▶ [STORED DATA]:
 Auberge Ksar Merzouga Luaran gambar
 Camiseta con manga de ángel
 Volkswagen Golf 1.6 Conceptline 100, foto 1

▶ [WHAT IS NEEDED]:
You are asked to transcribe the complete data exactly.

▶ [RESPONSE BOX]:
 Auberge Ksar Merzouga Luaran gambar
 Camiseta con manga de ángel
 Volkswagen Golf 1.6 Conceptline 100, foto 1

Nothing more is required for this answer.